_WORK INSTRUCTION_
When you transcribe the entries below, keep the wording exact and omit the pictures.

BEGIN SUPPLIED INFORMATION

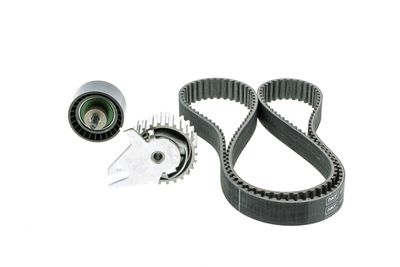 SET CUREA DE DISTRIBUTIE AISIN TSFC022 2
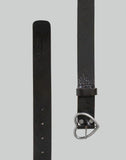 Martine Rose - CHARM BELT - 082plus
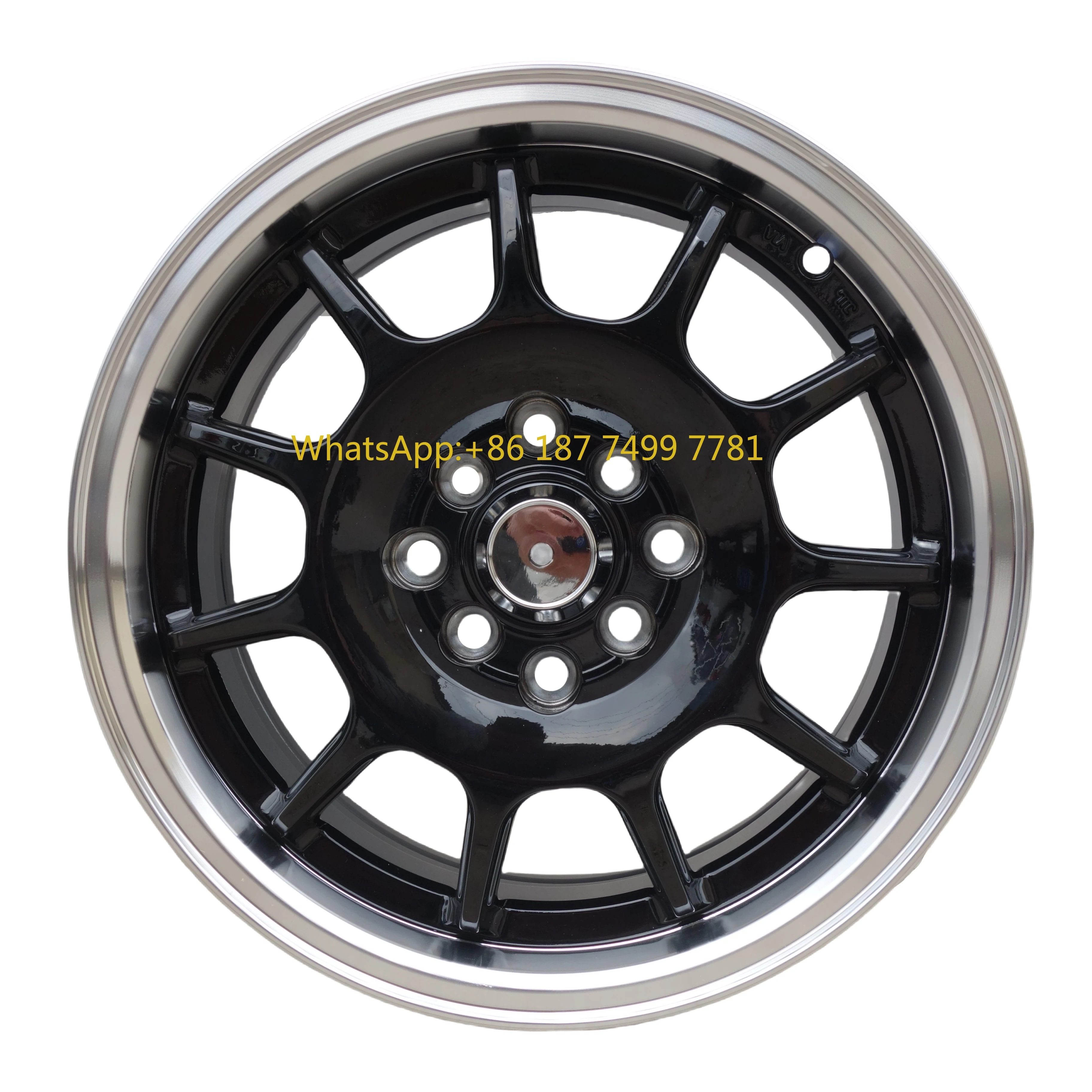 17-pouces-6x1397-pcd-flux-formant-des-jantes-en-alliage-4x4-roues-a-charge-elevee-de-pick-up-suv-tout-terrain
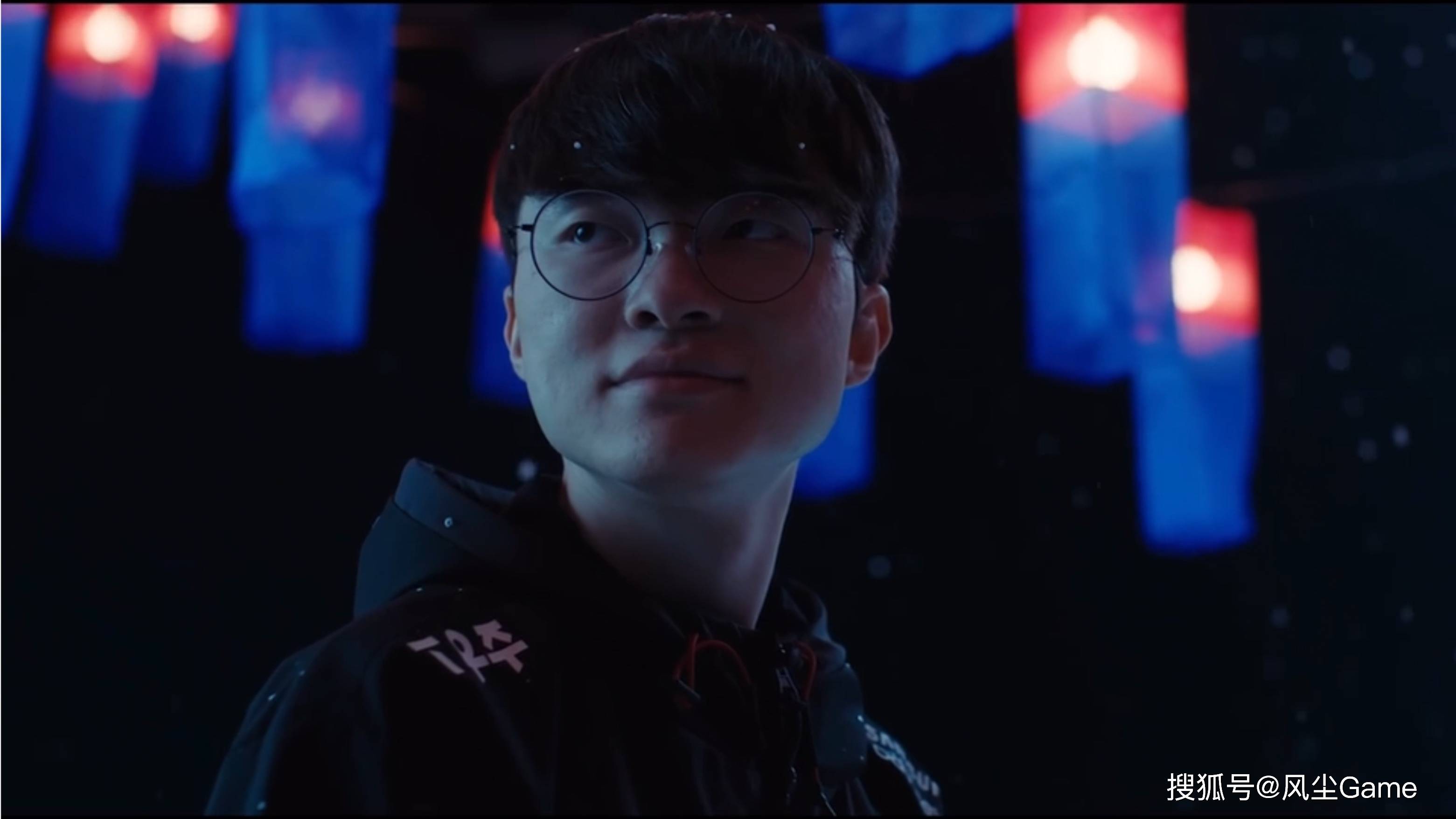 LPL冒泡赛分组出爐(lú)!IG躺進(jìn)胜者组,赢一場(chǎng)Bo5晋級(jí)世界赛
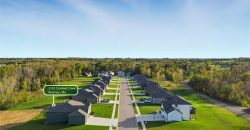 Homes for Sale in Kearney, MO 64060 | 2101  Crooked Creek Drive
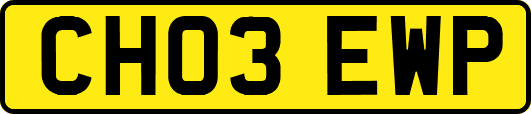 CH03EWP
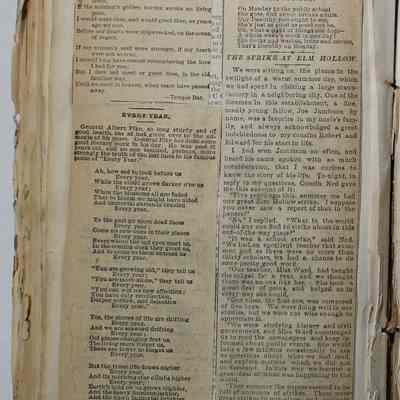Page 228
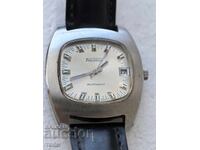 FRICONA AUTOMATIC GERMANY MADE ΣΠΑΝΙΟ ΔΕΝ ΛΕΙΤΟΥΡΓΕΙ ΧΩΡΙΣ ΤΙΜΗ !!!!!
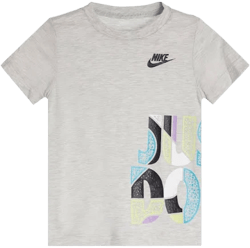 JDI Wrap Tee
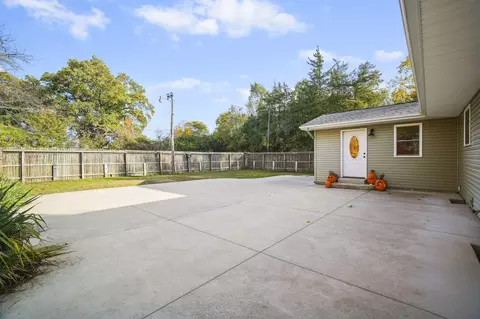 6264 Draper Rd, Jackson, MI 49201 photo 6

END SUPPLIED INFORMATION

_EXERCISE SOLUTION_
 SET CUREA DE DISTRIBUTIE AISIN TSFC022 2
 Martine Rose - CHARM BELT - 082plus
 17-pouces-6x1397-pcd-flux-formant-des-jantes-en-alliage-4x4-roues-a-charge-elevee-de-pick-up-suv-tout-terrain
 LPL冒泡赛分组出爐(lú)!IG躺進(jìn)胜者组,赢一場(chǎng)Bo5晋級(jí)世界赛
 Homes for Sale in Kearney, MO 64060 | 2101  Crooked Creek Drive
 CH03EWP
Page 228
 FRICONA AUTOMATIC GERMANY MADE ΣΠΑΝΙΟ ΔΕΝ ΛΕΙΤΟΥΡΓΕΙ ΧΩΡΙΣ ΤΙΜΗ !!!!!
 JDI Wrap Tee
 6264 Draper Rd, Jackson, MI 49201 photo 6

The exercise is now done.